Problem: Repeat, line for line, only the span that opens at the "Jordan 12 Retro" line and closes at the final line below. Skip the pictures.

Information provided:
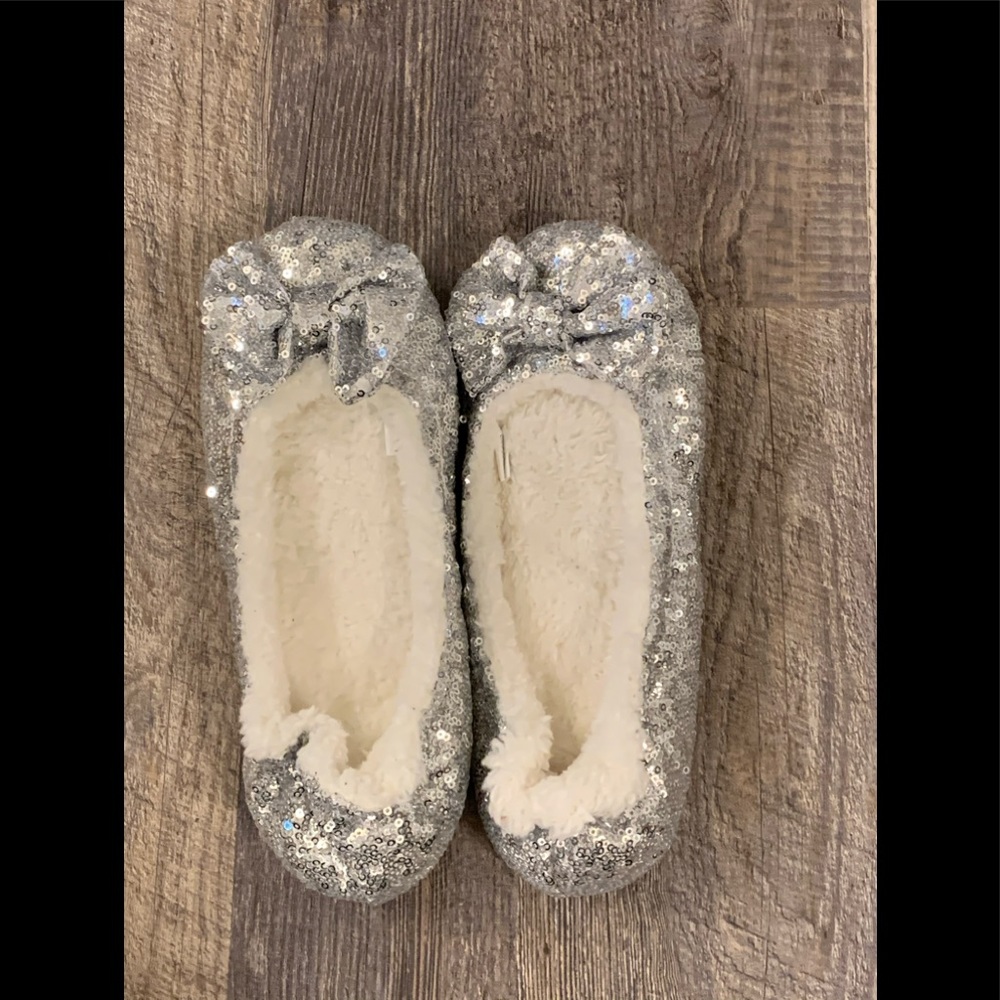 Silver sequence slippers size 7/8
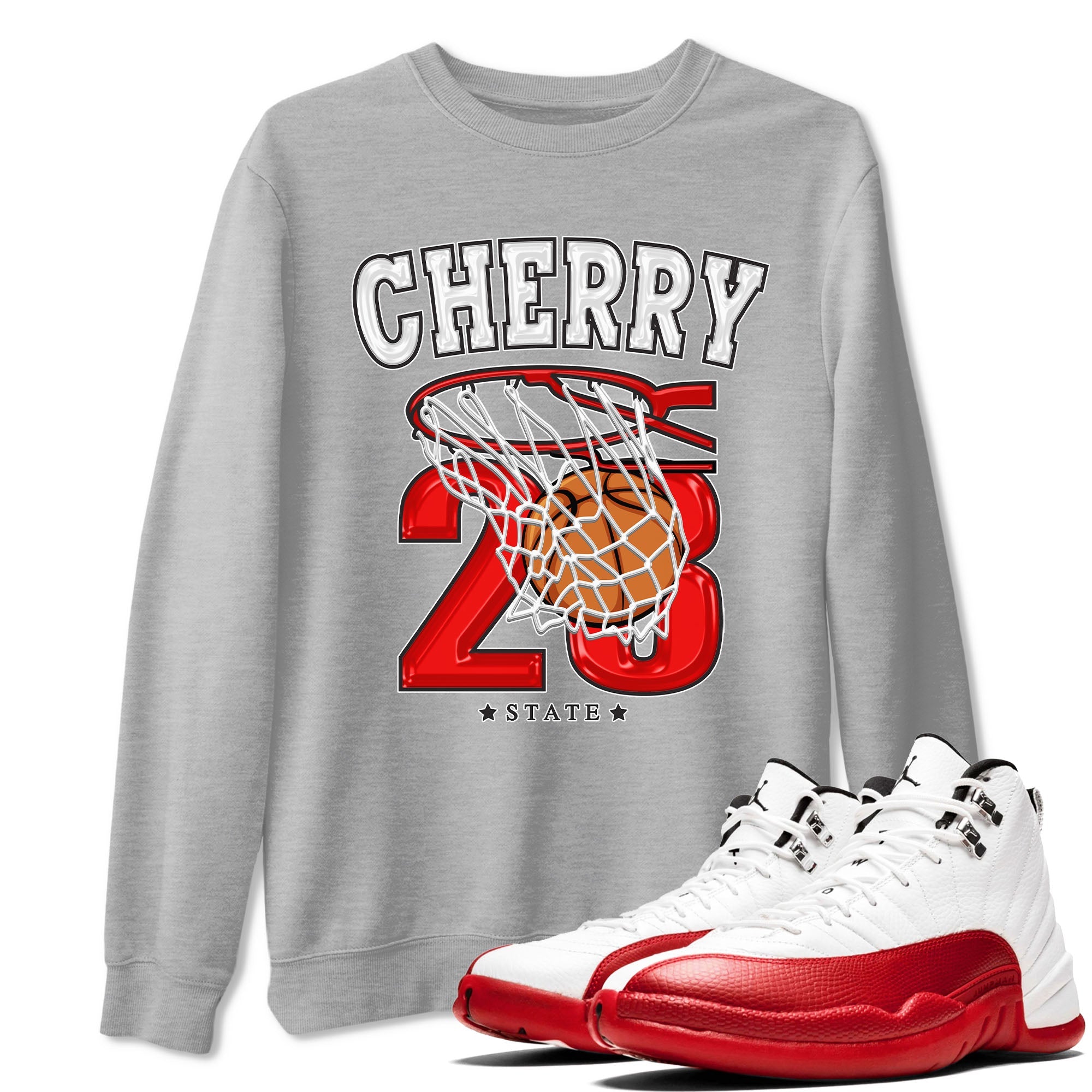 Jordan 12 Retro Cherry shirt to match jordans Varsity Red Basketball special sneaker matching tees 12s Cherry Drip Gear Zone Unisex Heather Grey 1 T-Shirt
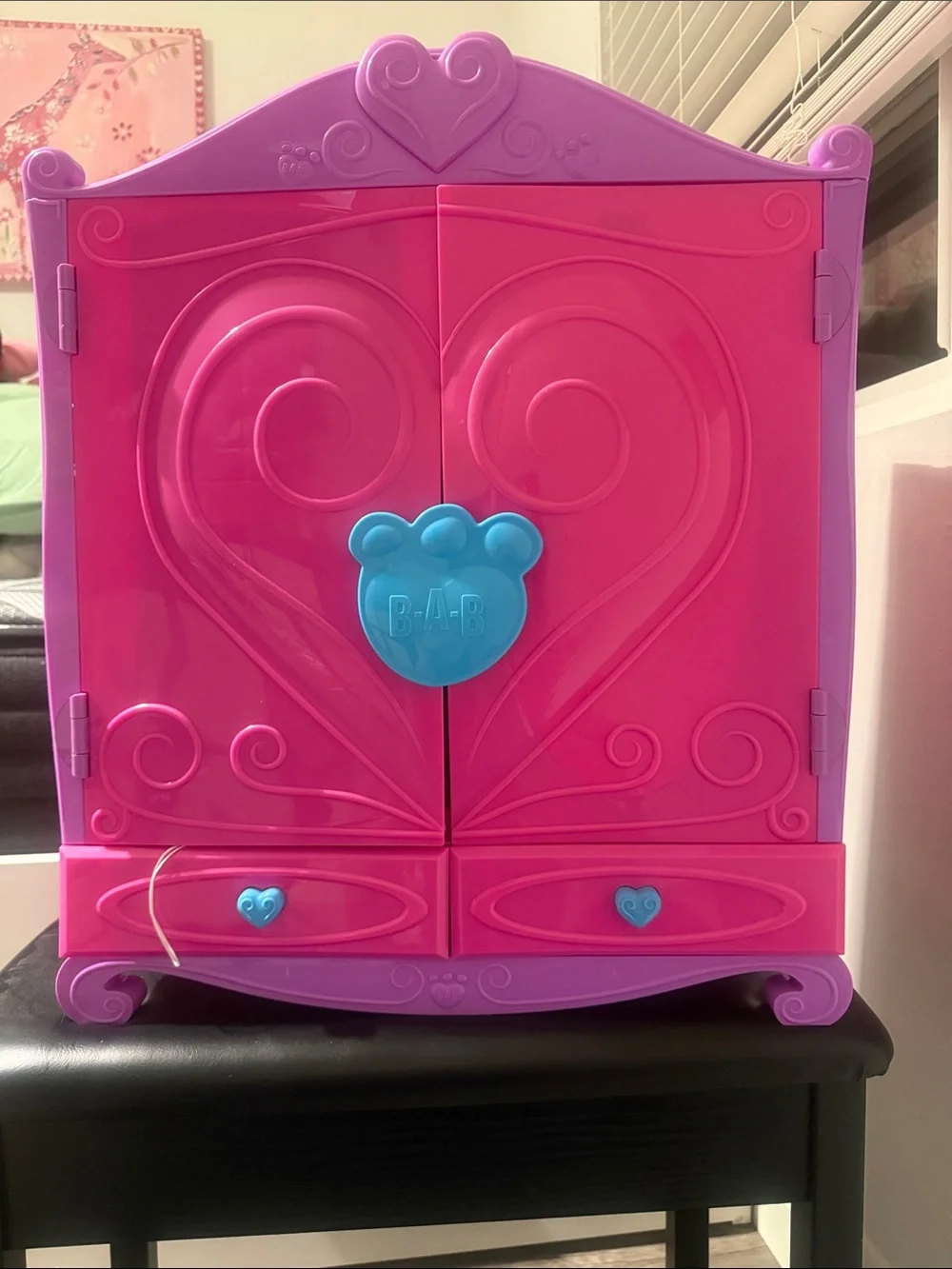 Build-A-Bear Pink Purple Dress-Up Closet with Assorted Clothes & Shoes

Answer area:
 Jordan 12 Retro Cherry shirt to match jordans Varsity Red Basketball special sneaker matching tees 12s Cherry Drip Gear Zone Unisex Heather Grey 1 T-Shirt
 Build-A-Bear Pink Purple Dress-Up Closet with Assorted Clothes & Shoes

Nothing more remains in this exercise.